# Module 5 - Clustering!

## Topic 1

### To start, we are going to step through a standard example.  We will first create 4 sets of random numbers in clusters and then cluster them (which should obviously give great results)

In [None]:
# import statements
from sklearn.datasets import make_blobs
import numpy as np
import matplotlib.pyplot as plt
# create blobs
data = make_blobs(n_samples=200, n_features=2, centers=4, cluster_std=1.6, random_state=50)
# print(data[0])  We want the first array in this array because it has the datapoints.  The other array in this array is the clusters of the data
# create np array for data points
points = data[0]
print(points[0:5])
print(points.shape)
print(type(points))

### Let's see the data on a scatter plot first to get an idea of what we are looking at

In [None]:
# create scatter plot
plt.scatter(data[0][:,0], data[0][:,1]) # data[0][:,1] is the first data column in the first array
plt.xlim(-15,15)
plt.ylim(-15,15)
plt.show()
plt.scatter(data[0][:,0], data[0][:,1], c=data[1], cmap='viridis') #Adding cluster coloring from the creation of the random clusters
plt.xlim(-15,15)
plt.ylim(-15,15)
plt.show()

### Now to build a k-means model to assign these to clusters

In [None]:
# import KMeans
from sklearn.cluster import KMeans

In [None]:
# create kmeans object
kmeans = KMeans(n_clusters=4)
print("data type:\n",type(kmeans),end='\n\n')
# fit kmeans object to data
kmeans.fit(points)
# print location of clusters learned by kmeans object
print("centers:\n",kmeans.cluster_centers_, end='\n\n')
# save new clusters for chart
y_km = kmeans.fit_predict(points)
print("assigned cluster:\n",y_km,end='\n\n')
print("cluster prediction variable type:\n",type(y_km),end="\n\n")
print("cluster prediction variable shape:\n",y_km.shape)

In [None]:
#print(y_km==0) #Shows the result of the comparison operator on y_km
#print(points[y_km ==0,0]) #Shows the result of y_comparison and the data point from points
plt.scatter(points[y_km ==0,0], points[y_km == 0,1], s=100, c='red')
plt.scatter(points[y_km ==1,0], points[y_km == 1,1], s=100, c='green')
plt.scatter(points[y_km ==2,0], points[y_km == 2,1], s=100, c='blue')
plt.scatter(points[y_km ==3,0], points[y_km == 3,1], s=100, c='cyan')
# This part adds the discovered cluster centers to the plot
for x_pt,y_pt in kmeans.cluster_centers_:
    #print(x_pt,y_pt)
    plt.scatter(x_pt,y_pt, color='black',s=100)

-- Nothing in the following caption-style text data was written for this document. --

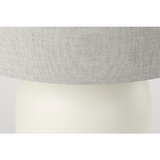 Cato Table Lamp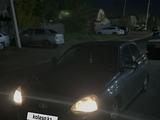 ВАЗ (Lada) Priora 2172 2013 года за 2 000 000 тг. в Астана – фото 2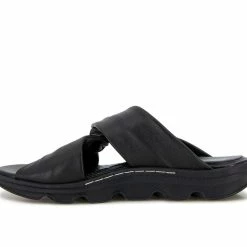 Women's Jambu Tiana Sandals -Puma-shop 3 882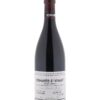 Rượu Vang Pháp DRC Romanée-St-Vivant 2005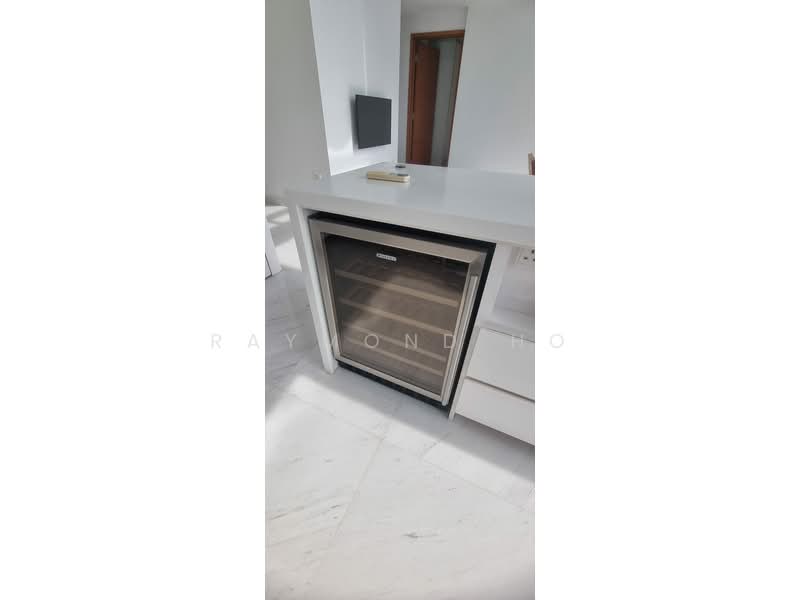 Altez, 16 Enggor Street, 2 Bedrooms, 1,109 sqft, Condominium For Sale, by Raymond Ho, 500105821 - Interior - PropertyGuru.com.sg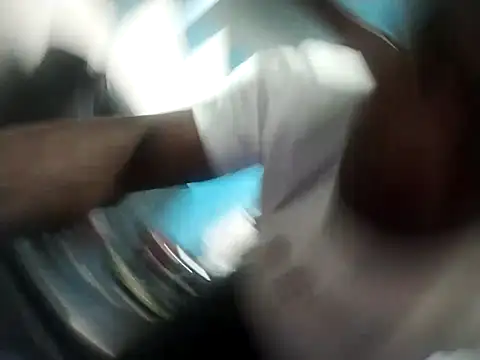  yefez online show from 12/21/25, 09:55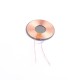 CND-tek YX-A11-R332008-G2440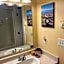 Kye Bay BnB - A Place to Breathe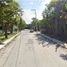 3 Bedroom Condo for sale in Carmen, Campeche, Carmen, Campeche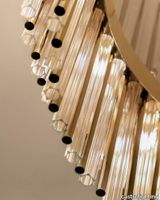 26-castro-lighting-maison-et-objet-forever-hall-7-stand-a53-halma-suspension-detail.jpg thumb image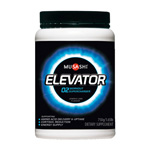 Musashi Elevator Workout Supercharger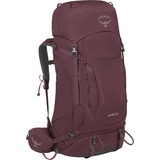 Osprey 10004781, Mochila lila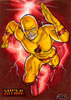 Reverse-Flash 1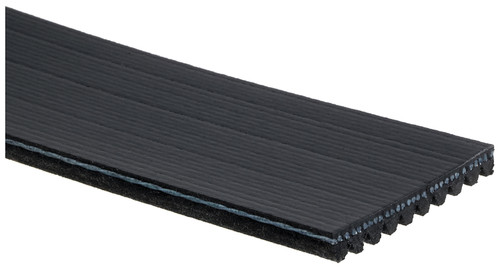 Micro-V Serpentine Drive Belt | GATK100846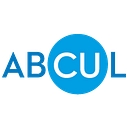 Association Of British Credit Unions logo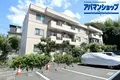ハピネスA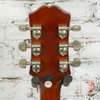 Epiphone - ES-339 Semi Hollow Guitar Vintage Sunburst - USED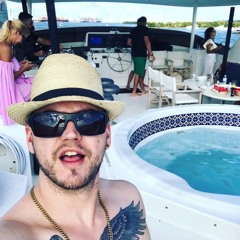 BlackTea Productions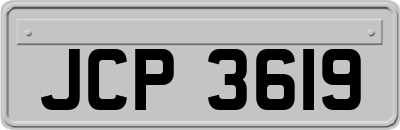 JCP3619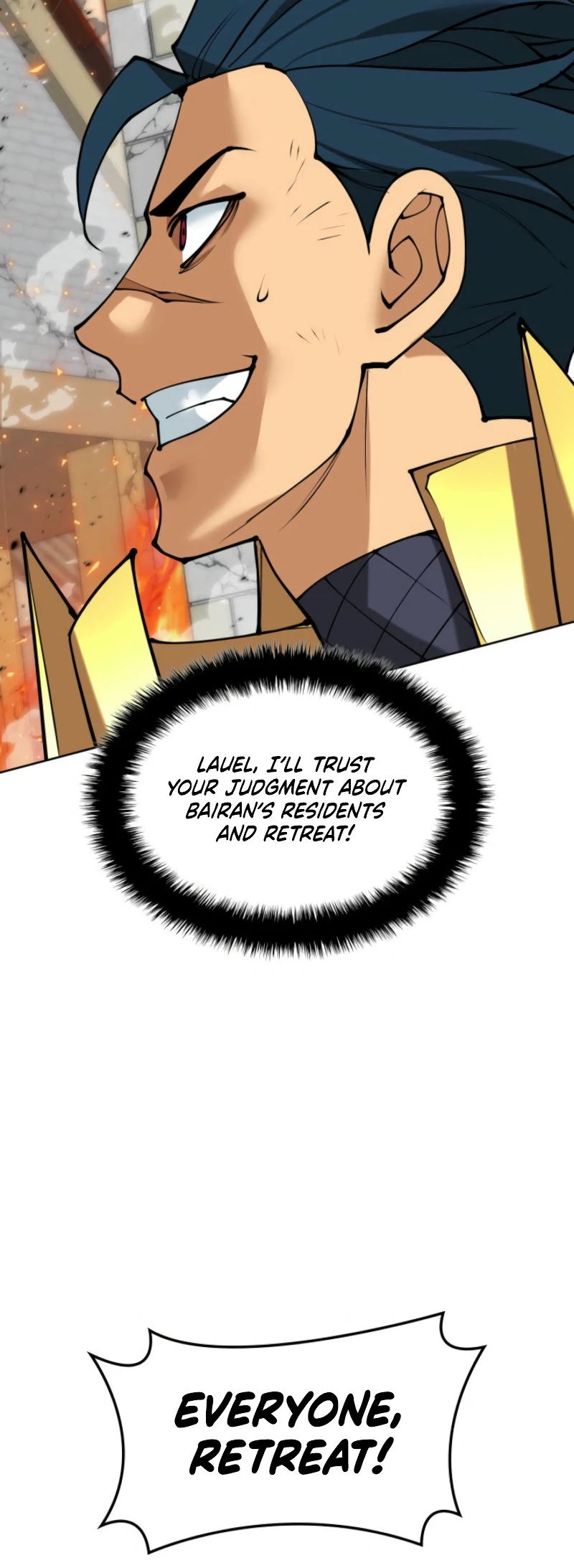 Overgeared Chapter 271, page 69 of 101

### Let's see how this same data looks with hierarchical clustering

In [None]:
# import hierarchical clustering libraries
import scipy.cluster.hierarchy as sch
from sklearn.cluster import AgglomerativeClustering

In [None]:
with plt.rc_context(): # This lets us change the size of just this visual without affecting the rest of the notebook
    plt.rc('figure',figsize=(28,10))
    # create dendrogram
    dendrogram = sch.dendrogram(sch.linkage(points, method='ward'))
    # create clusters
    hc = AgglomerativeClustering(n_clusters=4, affinity = 'euclidean', linkage = 'ward')
    # save clusters for chart
    y_hc = hc.fit_predict(points)

### Let's plot the points with their assigned clusters again for hierarchical

In [None]:
plt.scatter(points[y_hc ==0,0], points[y_hc == 0,1], s=100, c='red')
plt.scatter(points[y_hc==1,0], points[y_hc == 1,1], s=100, c='black')
plt.scatter(points[y_hc ==2,0], points[y_hc == 2,1], s=100, c='blue')
plt.scatter(points[y_hc ==3,0], points[y_hc == 3,1], s=100, c='cyan')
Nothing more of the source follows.